With a letter opener, he slowly cut along the top of the envelope, then pulled out a single sheet of folded white paper. It was from his father. It was a shock, but then it was not.

Feb. 21


Dear Neal:

I’m safe for now but I doubt it will last. I need your help. I have no address, no phone, no fax, and I’m not sure I would use them if I could. I need access to e-mail, something that cannot be traced. I have no idea how to do this, but I know you can figure it out. I have no computer and no money. There is a good chance you are being watched, so whatever you do, you must not leave a trail. Cover your tracks. Cover mine. Trust no one. Watch everything. Hide this letter, then destroy it. Send me as much money as possible. You know I’ll pay it back. Never use your real name on anything. Use the following address:

Sr. Rudolph Viscovitch, Università degli Studi, University of Bologna, Via Zamboni 22, 44041, Bologna, Italy. Use two envelopes — the first for Viscovitch, the second for me. In your note to him ask him to hold the package for Marco Lazzeri.

Hurry!

Love, Marco

Neal placed the letter on his desk and walked over to lock his door. He sat on a small leather sofa and tried to arrange his thoughts. He had already decided his father was out of the country, otherwise he would’ve made contact weeks earlier. Why was he in Italy? Why was the letter mailed from York, Pennsylvania?

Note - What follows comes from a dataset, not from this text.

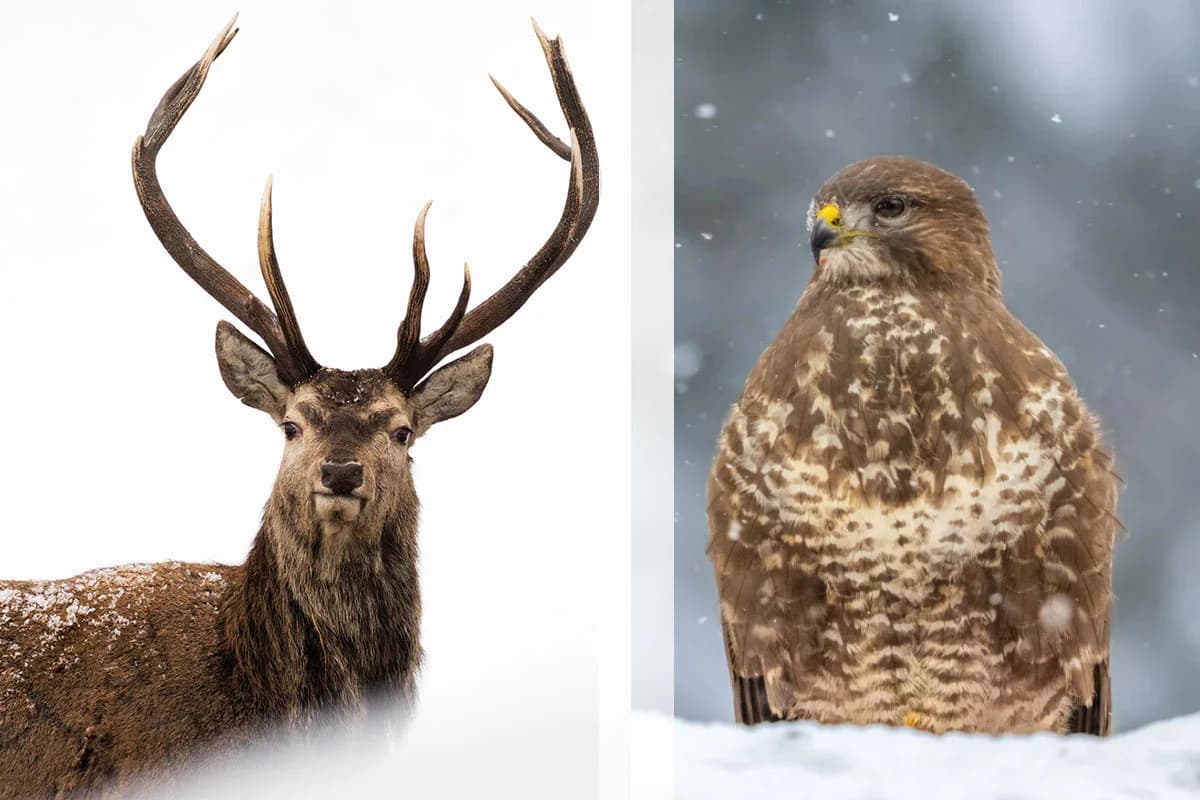Vinterfoto i Fröstad – klövvilt & rovfåglar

Neal’s wife had never met her father-in-law. He’d been in prison for two years when they met and married. They had sent photos of the wedding, and later a photo of their child, Joel’s second granddaughter.

Joel was not a topic Neal liked to talk about. Or think about. He had been a lousy father, absent for most of his childhood, and his astounding plunge from power had embarrassed everyone close to him. Neal had grudgingly sent letters and cards during the incarceration, but he could truthfully say, at least to himself and his wife, that he did not miss his father. He’d rarely been around the man.

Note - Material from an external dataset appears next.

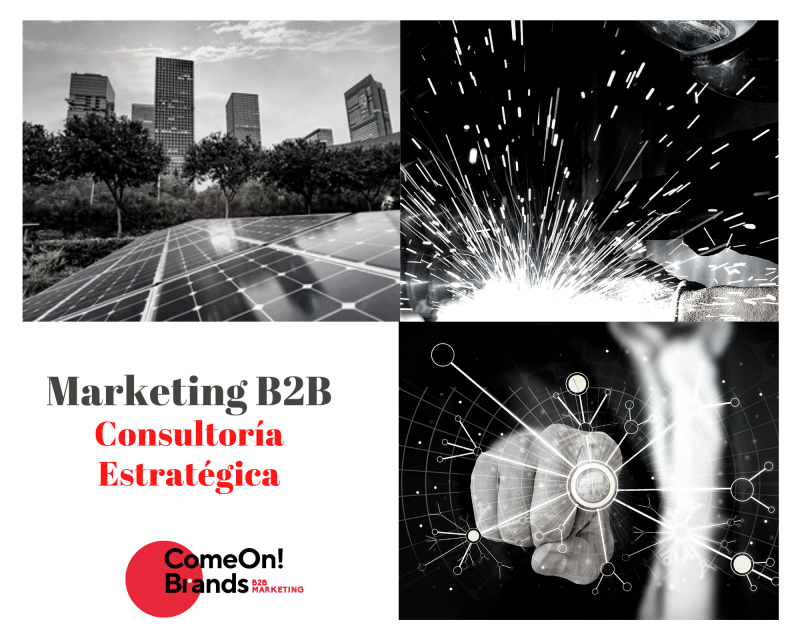 Marketing b2b Consultoria Estrategica MARKETING b2b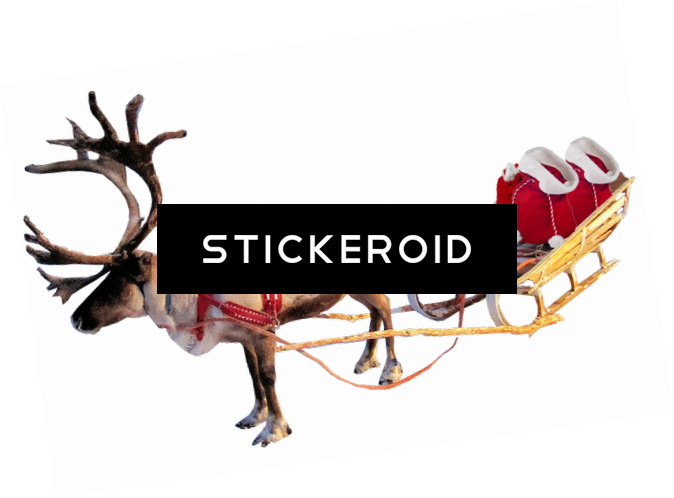 Santa Sleigh Holidays - Sleigh For Reindeer (674x498), Png Download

Now he was back, asking for money that Neal did not have, assuming with no hesitation that Neal would do exactly as he was instructed, perfectly willing to endanger someone else.

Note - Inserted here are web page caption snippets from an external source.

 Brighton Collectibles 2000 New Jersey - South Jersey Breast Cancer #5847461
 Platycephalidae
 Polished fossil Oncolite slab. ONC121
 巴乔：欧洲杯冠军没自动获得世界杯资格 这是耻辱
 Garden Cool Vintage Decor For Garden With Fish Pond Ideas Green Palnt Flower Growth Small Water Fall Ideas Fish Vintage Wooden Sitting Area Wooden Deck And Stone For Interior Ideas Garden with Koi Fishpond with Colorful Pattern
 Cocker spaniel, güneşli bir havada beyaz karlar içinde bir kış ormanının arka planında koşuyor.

Neal walked to his desk and read the letter again, then again. It was the same scarcely readable chicken scratch he’d seen throughout his life. And it was his same method of operation, whether at home or at the office. Do this, this, and this, and everything will work. Do it my way, and do it now! Hurry! Risk everything because I need you.

And what if everything worked smoothly and the broker came back? He certainly wouldn’t have time for Neal and the granddaughter. If given the chance, Joel Backman, fifty-two, would once again rise to glory in the power circles of Washington. He’d make the right friends, hustle the right clients, marry the right woman, find the right partners, and within a year he’d once again work from a vast office where he would charge outrageous fees and bully congressmen.

Life had been much simpler with his father in prison.

What would he tell Lisa, his wife? Honey, that $2,000 we have buried in our savings account has just been spoken for. Plus a few hundred bucks for an encrypted e-mail system. And you and the baby keep the doors locked at all times because life just became much more dangerous.

With the day shot to hell, Neal buzzed his secretary and asked her to hold his calls. He stretched out on the sofa, kicked off his loafers, closed his eyes, and began massaging his temples.